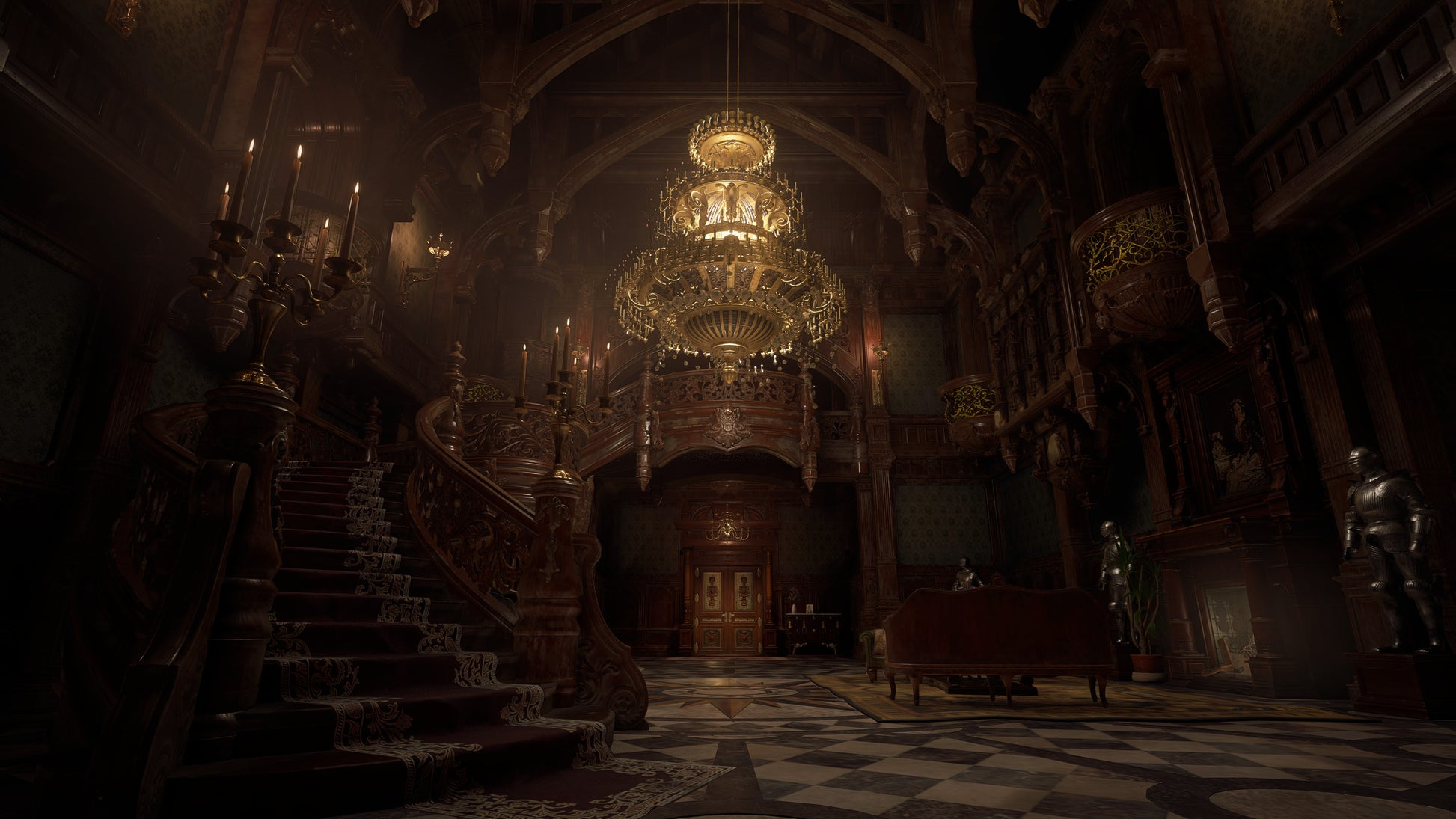 Elaborate interior of a grand building with ornate staircase and chandelier.
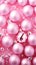 Pink Christmas background with festive Christmas balls. Vertical reels backgrounds, story, xmas poster, web banner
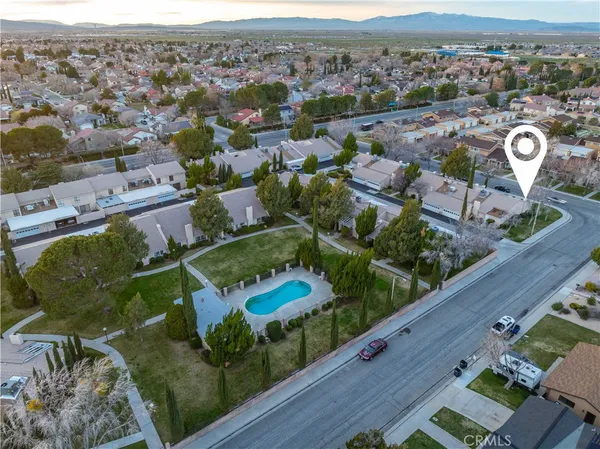 an aerial view of residential building and lake view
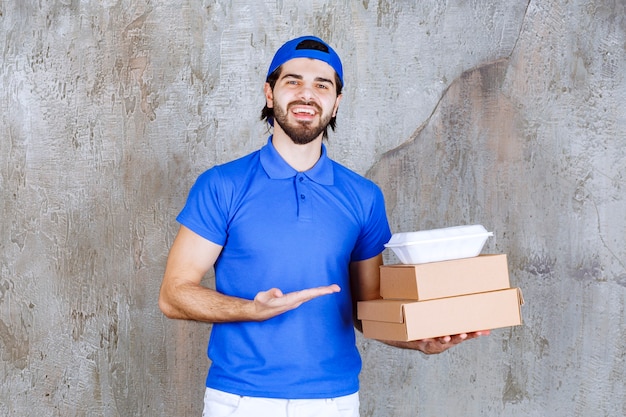 Курьер-мужчина в синей форме несет картонные и пластиковые коробки.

*WHAT YOU SHOULD DO*.
All of the lines above must be repeated without alteration, though the pictures are to be excluded.

*EXERCISE SOLUTION*.
 Elaborate interior of a grand building with ornate staircase and chandelier.
 Pink Christmas background with festive Christmas balls. Vertical reels backgrounds, story, xmas poster, web banner
 an aerial view of residential building and lake view
 Курьер-мужчина в синей форме несет картонные и пластиковые коробки.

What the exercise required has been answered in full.